_Task instructions_
Type out the listing below exactly. Pictures stay out of it.

_Data block_
━━━

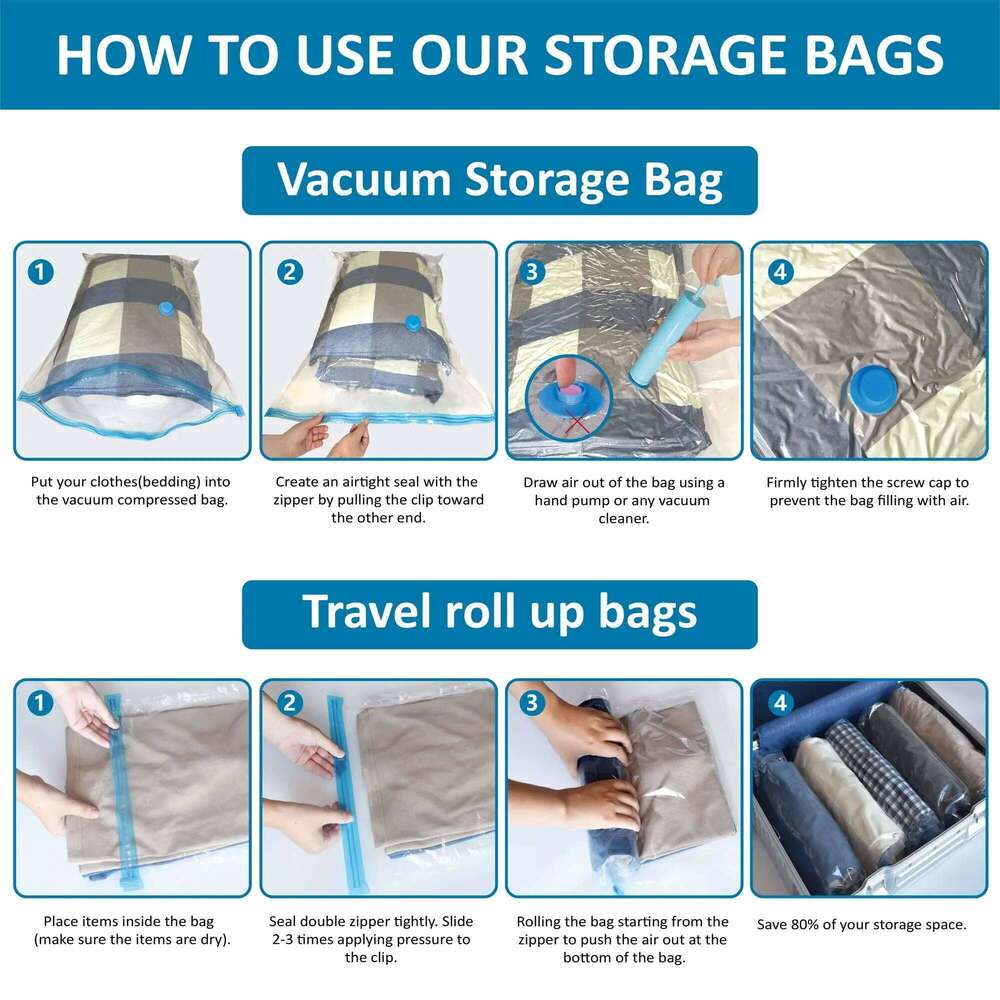 20 Pack Vacuum Storage Bags, Space Saver Compression for Comforters and Blankets, Sealer Clothes Hand Pump Included 26N0109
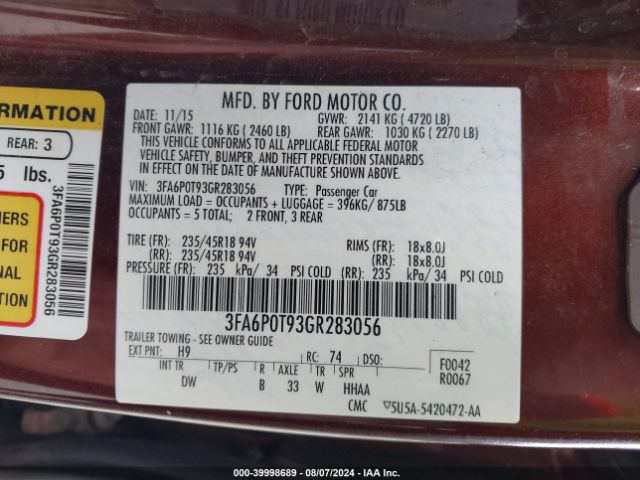 3FA6P0T93GR283056 Ford FUSION SE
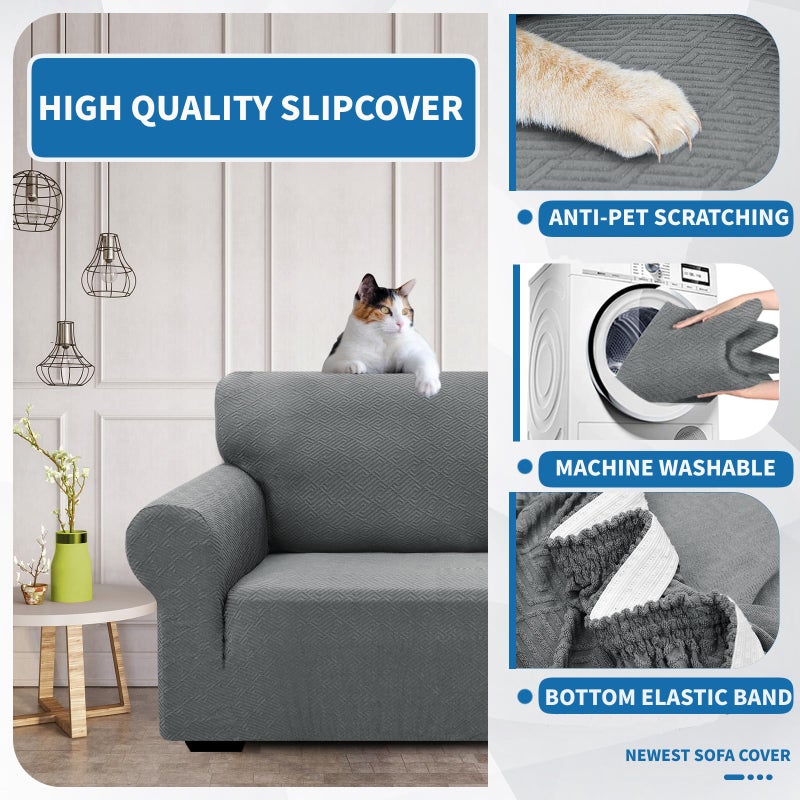 XINEAGE 2026 New Stretch Armchair Covers 1 Piece Chair Slipcovers Chair Protector for Living Room Thick Soft Chair Cover with Elastic Bottom Couch Cover for Pets Kids (31"-46", Light Gray) - Image 4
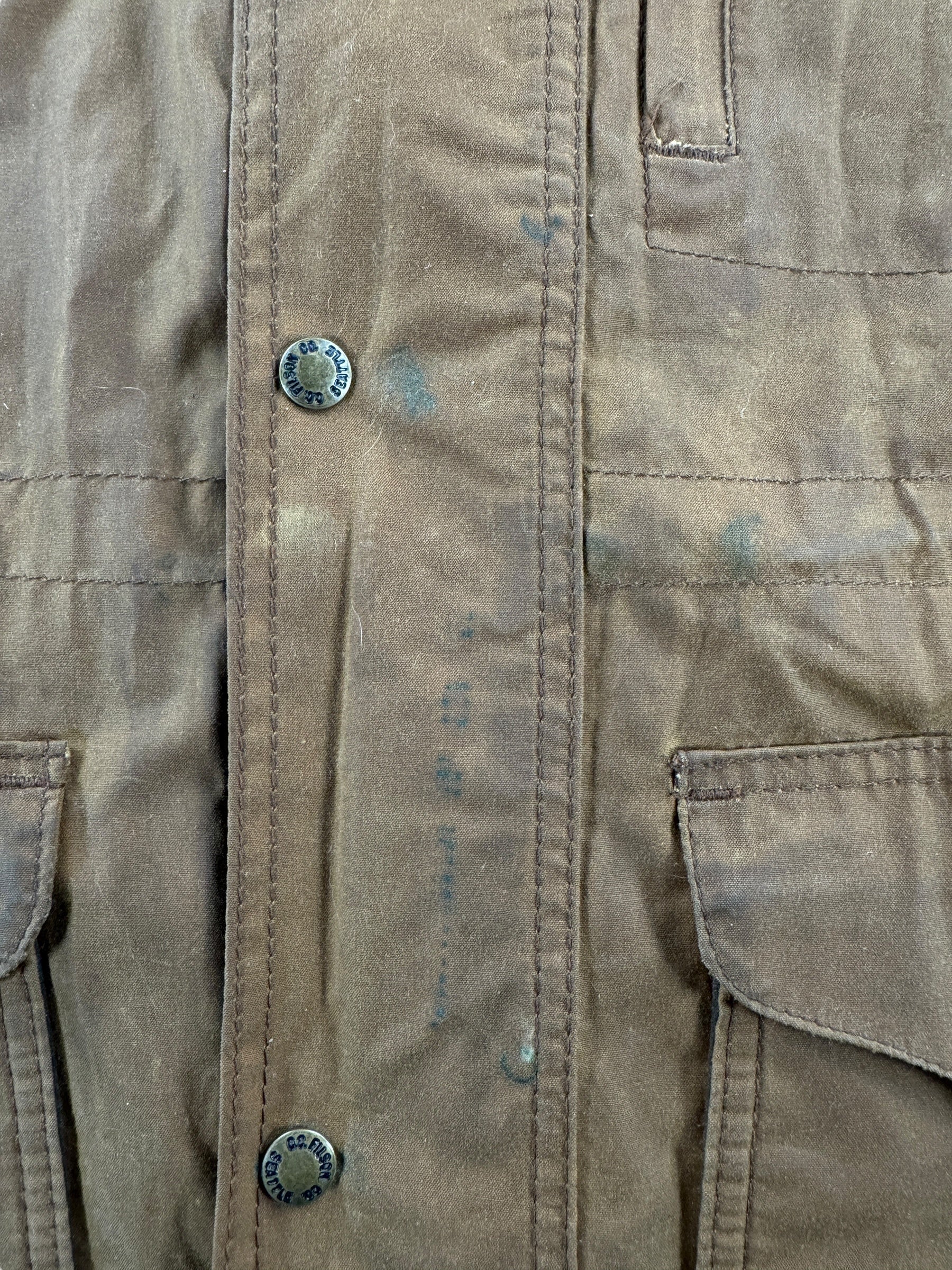 Patina on Filson Mile Marker Jacket SZ M AS IS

━━━

_Written answer_
 20 Pack Vacuum Storage Bags, Space Saver Compression for Comforters and Blankets, Sealer Clothes Hand Pump Included 26N0109
 3FA6P0T93GR283056 Ford FUSION SE
 XINEAGE 2026 New Stretch Armchair Covers 1 Piece Chair Slipcovers Chair Protector for Living Room Thick Soft Chair Cover with Elastic Bottom Couch Cover for Pets Kids (31"-46", Light Gray) - Image 4
 Patina on Filson Mile Marker Jacket SZ M AS IS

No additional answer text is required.